As a commercial authenticity consultant, I have advised several publishers and major media companies on their most important projects, including Newsweek and Der Stern on the Hitler Diaries; McGraw Hill on the Clifford Irving biography of Howard Hughes, The Washington Post on “Jimmy’s World,” its Pulitzer Prize-winning series on the inner-city life of a young child involved with drugs; and the English publishers of the soon-to-appear Diaries of Jack the Ripper.

In the broader corporate sector, I worked with Volvo on creating several of the more memorable advertising campaigns. And I was particularly busy in the early and mid ’80s in the software business. Though Stewart Alsop Jr. has claimed origin of the phrase “vapor-ware,” it was mine, as were the estimates of “months in vapor.” It was heady times, I must tell you.

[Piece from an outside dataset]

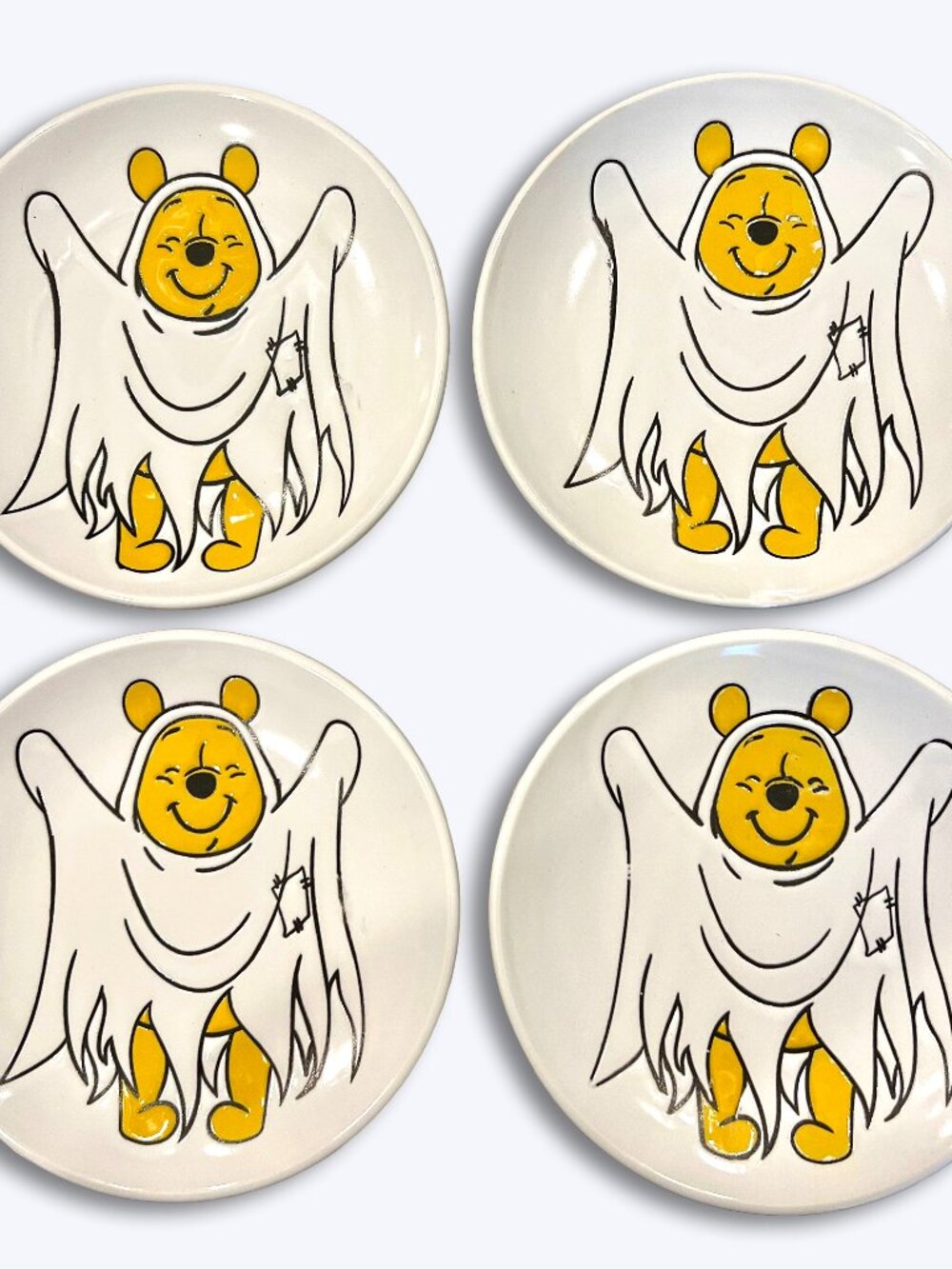 Disney Winnie the Pooh Halloween Ghost 6" Snack Plate Set 4 Ceramic Spooky Fall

We’ll not see the like of it again at least until the Republican presidential primaries in 1996.  

To relax in the few spare moments that come my way, I have quite unexplainably developed a fondness for test-driving heavy military vehicles. I really don’t know why, but I think my childhood shyness and long-standing preference for the background in business deals is a clue. I just find it wonderfully relaxing to be totally invisible inside a great large vehicle. One of the few times I have been able to combine my avocation and secondary vocation occurred in in 1988, when I was summoned by senior Democrats to measure the authenticity of the Dukakis campaign — and convinced him to take a tank ride with me. Of course, no one knew it was I at the tiller down below.

But nothing is more important than my wonderful family. Since their arrival in 1978, the twins, Mill Earhart Oznot and Vanill Earhart Oznot, have been the focus of the life Dorothy and I have together. They are both down for Princeton, of course, and have been showing a great fondness for show business — quite the opposite of their parents. Both are stellar on air guitar and have been in and out of several groups.

Will we make it to the 25th? It’s hard to say. It’s a long poke from Lost Nation to Old Nassau, and quite frankly, we’ve seen better times. Once the ’92 campaign was over, my authentication work fell right off the chart. And the agency is just barely surviving. The media explosion and advent of 500-channel cable systems has hurt our businesses of finding things and people that don’t want to be found. It seems programming chiefs are looking everywhere to find material.

But I’ve already started looking for my end of the Orange Brick Road.